Now Harada is back with a jidaigeki (period piece) about one of Japan’s most famous historical battles, at the eponymous Sekigahara. This momentous event essentially ended the Sengoku (Warring States) Period of Japanese history and united the country in the Edo Period. The conventional retelling is that Mitsunari Ishida (played by Junichi Okada) was a by-the-book bureaucrat who was upset with the less-conservative Shogun Ieyasu Tokugawa (Koji Yakusho). But Harada’s version casts Tokugawa as the evil overlord and Ishida fighting for justice and self-determination, which diverges significantly from established history.
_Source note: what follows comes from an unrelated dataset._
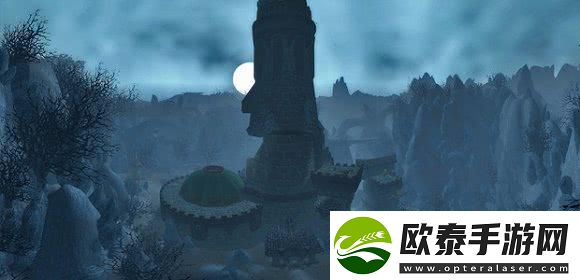 回忆魔兽世界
Harada seems intent on educating as well as entertaining. The flick starts hours before the great battle but soon flashes back decades to set up the major characters and the conflict. Ishida is portrayed as the moral backbone of the empire and the shoguns as ruthless political opportunists. The story introduces fictional characters, notably a female ninja named Hatsume (Kasumi Arimura) whose life Ishida saves. Later, she is sent to spy on him but the two develop an unconsummated romantic bond. Everything leads inevitably to the big battle and this is where Harada excels. The fight scenes are chaotic, messy and brutal, as they would have been in real life. The defeat of Ishida and his well-known escape, rather than dying on the battlefield, are quietly heroic.

In all, the two-and-a-half-hour pic carries the viewer along, but is neither deeply compelling as a drama nor exciting as an action movie. Rather, this is an idealized version of Japanese history, one more distinctly focused on justice and exposing the abuse of power. In that way, Harada is making a comment on current Japanese society.

(Roppongi Hills Toho Cinemas will have 1 screening a day with English subtitles, check online for schedule; 149 min.)